The 2d linear subspace of \(L'\) can be magically associated with the outer product\[ A' \wedge B' = (A + e_4) \wedge (B + e_4) = A \wedge B + (A - B) \wedge e_4 \](well, any scaling \(\lambda \cdot A' \wedge B'\)).

This means, we can use the two 3d vectors\[ u = A - B, \quad v = A \times B \]as parameters to describe the line \(L\) via\[ L' = u \wedge e_4 + v^{\times} \; . \]

(\(v^{\times}\) here is the dual in 3d, i.e. \(e_x^{\times} = e_y \wedge e_z\))

Planes ed

A plane \(P\) in 3d through \(A,B,C\) turns to\[ A' \wedge B' \wedge C' = A \wedge B \wedge C + (A \wedge B + B \wedge C + C \wedge A) \wedge e_4 \]or with\[ d = \langle A \times B, C \rangle, \quad n = A \times B + B \times C + C \times A = (B-A) \times (C-A) \]we get\[ P' = \star(d \, e_4 + n) \; . \]

Formulas ed

General intersections ed

Let \(\psi\) be a \(k\)-vector, for a \(k\)-dimensional subspace.

The orthogonal complement is described by the dual\[ \psi^\perp = \star \psi \; . \]

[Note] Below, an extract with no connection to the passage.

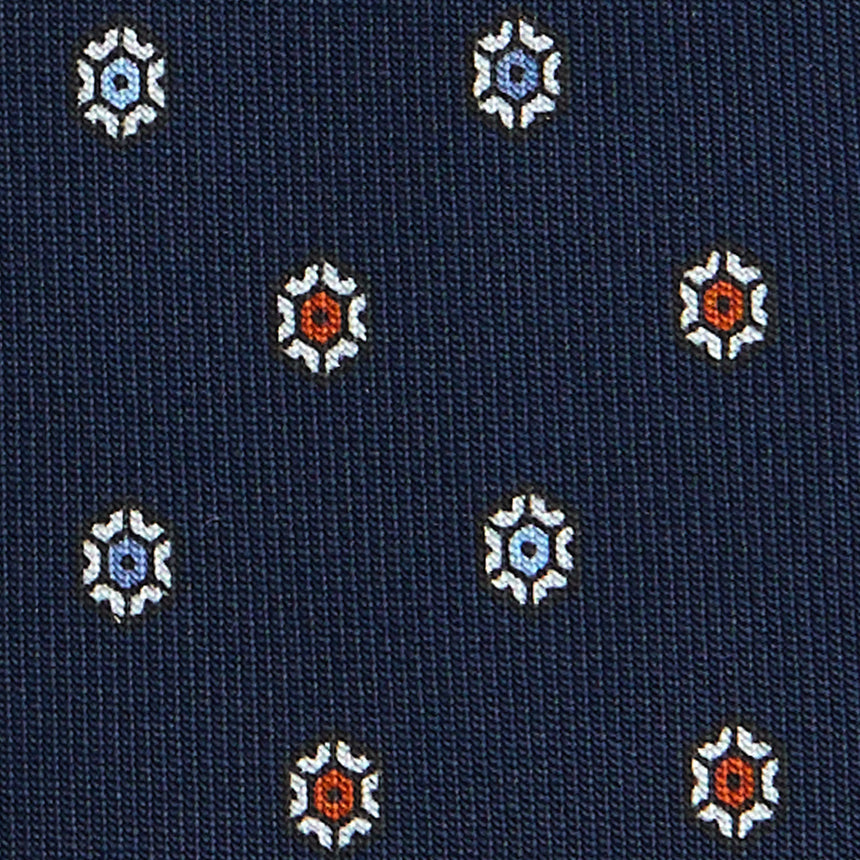 CRAVATTA SARTORIALE 9 PIEGHE IN SETA BLU SCURO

The direct sum of two (linear independent) subspaces is described by the product\[ \psi \oplus \phi = \psi \wedge \phi \; . \]

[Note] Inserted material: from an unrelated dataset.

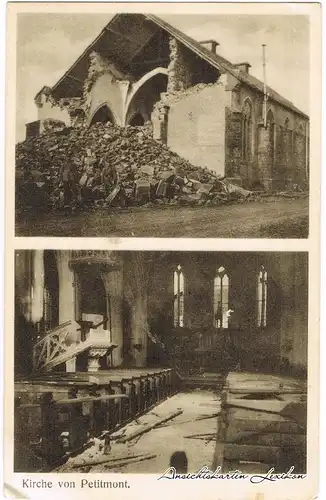 Val-et-Châtillon-Petitmont Kirche 2 Bild zerstört im Ers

Using those two rules, we can find the intersection of two subspaces as the twisted product\[ \psi \cap \phi = \star (\star \psi \wedge \star \phi) \; . \]

Intersections line/plane ed

Line \(L\) with plane \(P\):

\[ \star( \star(u \wedge e_4 + v^{\times}) \wedge \star \star(d \, e_4 + n)) \]\[ = \star((u^{\times} + v \wedge e_4) \wedge (d \, e_4 + n)) \]\[ = \star(d \, u^{\times} \wedge e_4 + u^{\times} \wedge n + v \wedge n \wedge e_4) \]\[ = d \, u + \langle u, n \rangle e_4 + v \times n \](maybe minus...)

This 4d point (well actually, this is a line in 4d) maps back into 3d as\[ L \cap P = \frac{d \, u + v \times n}{\langle u, n \rangle} \; . \]

Distance between lines ed

Given two lines \(L,M\), what is\[ L' \wedge M' \; ? \]...\[ (u \wedge e_4 + v^{\times}) \wedge (U \wedge e_4 + V^{\times}) \]\[ = (V^{\times} \wedge u + v^{\times} \wedge U) \wedge e_4 \]\[ = \star (\langle V, u \rangle + \langle v, U \rangle) \]

Too lazy to think why, but this is the signed distance between the lines!